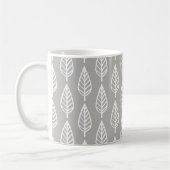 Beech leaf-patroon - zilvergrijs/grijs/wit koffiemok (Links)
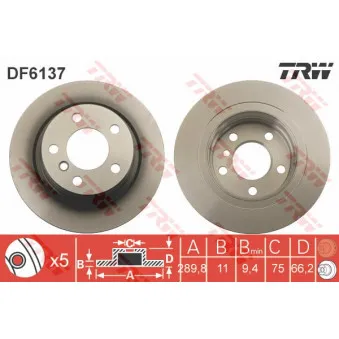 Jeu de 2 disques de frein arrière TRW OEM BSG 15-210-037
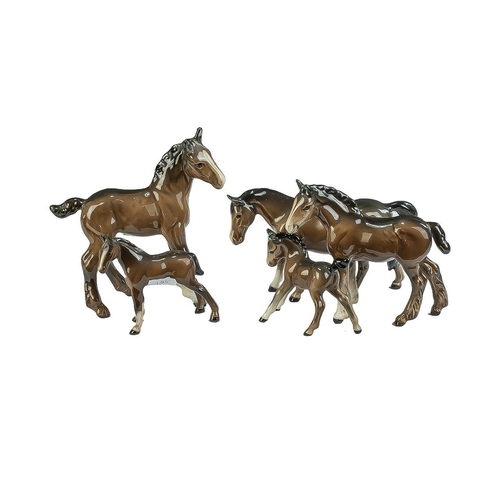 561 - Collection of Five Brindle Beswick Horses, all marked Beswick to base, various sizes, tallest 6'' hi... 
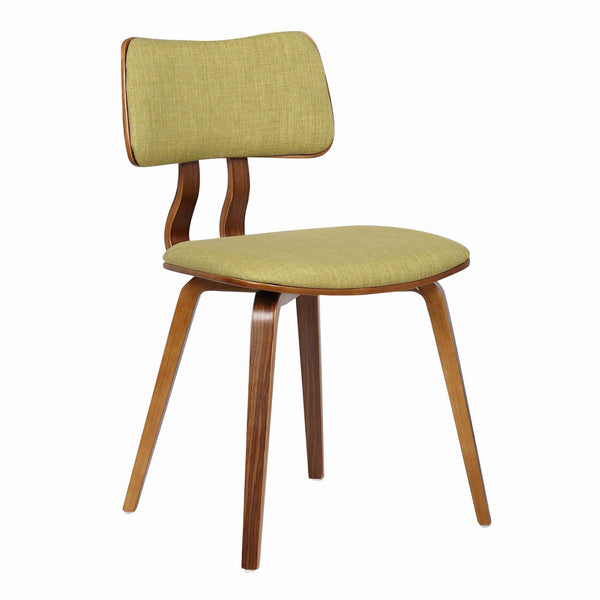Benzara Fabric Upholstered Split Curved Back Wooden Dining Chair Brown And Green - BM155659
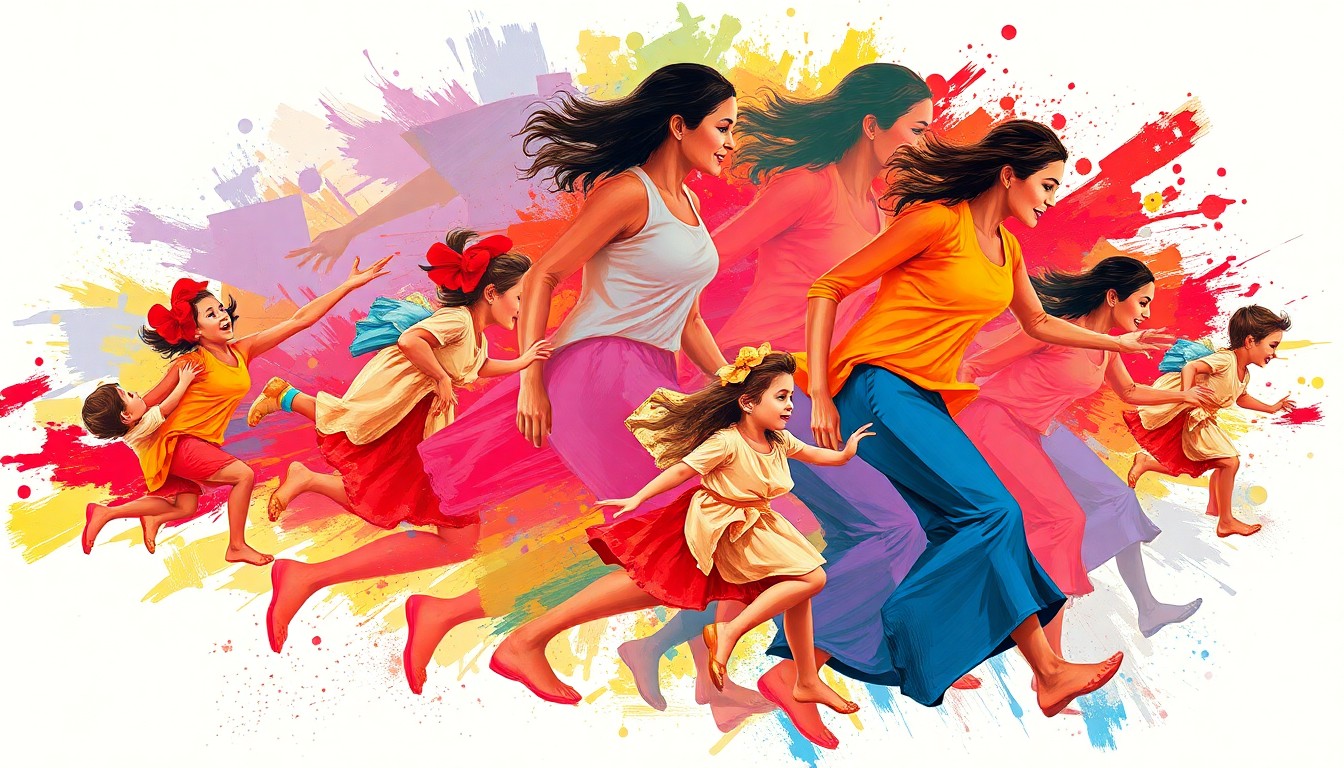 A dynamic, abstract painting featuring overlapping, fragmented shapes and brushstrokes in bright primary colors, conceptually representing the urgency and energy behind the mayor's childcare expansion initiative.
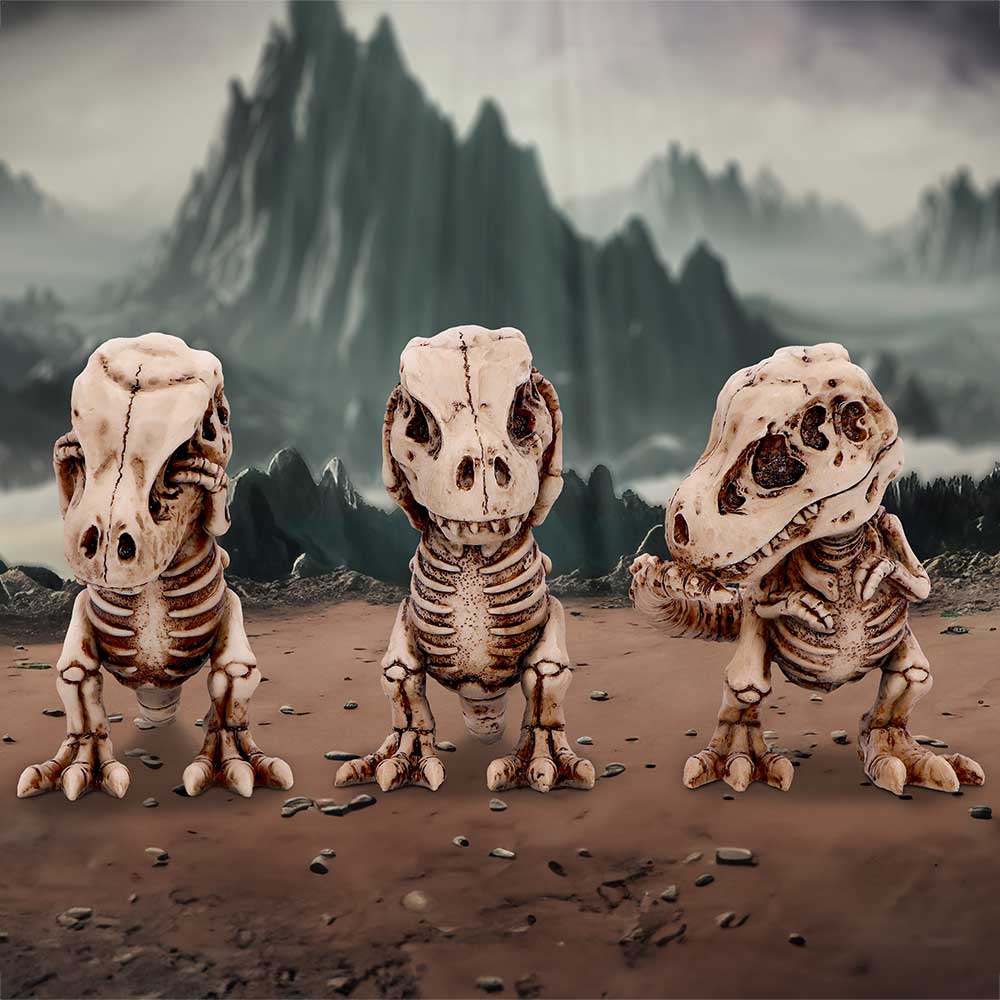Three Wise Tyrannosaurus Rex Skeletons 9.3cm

□ □ □ □ □

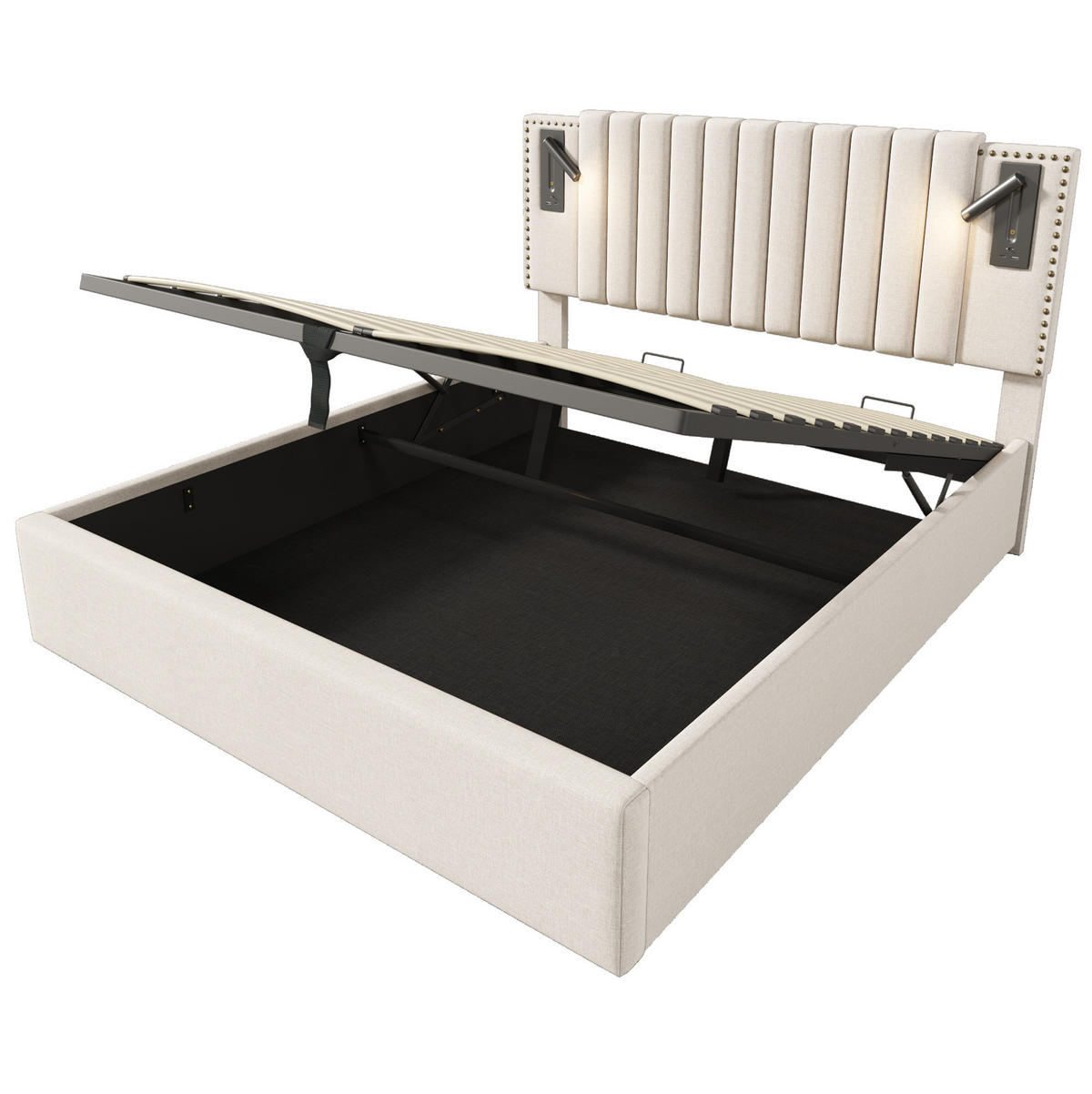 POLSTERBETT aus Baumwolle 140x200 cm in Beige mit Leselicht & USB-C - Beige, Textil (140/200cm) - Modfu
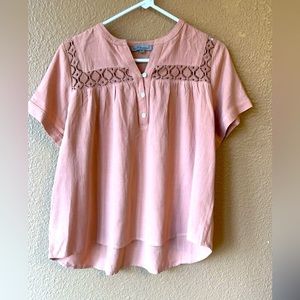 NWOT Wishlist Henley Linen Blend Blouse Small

□ □ □ □ □

Write out, word for word, the stretch of entries that begins at the line with "POLSTERBETT aus Baumwolle" and ends at the line with "NWOT Wishlist Henley". Pictures do not belong in it.

WRITTEN RESPONSE
 POLSTERBETT aus Baumwolle 140x200 cm in Beige mit Leselicht & USB-C - Beige, Textil (140/200cm) - Modfu
 NWOT Wishlist Henley Linen Blend Blouse Small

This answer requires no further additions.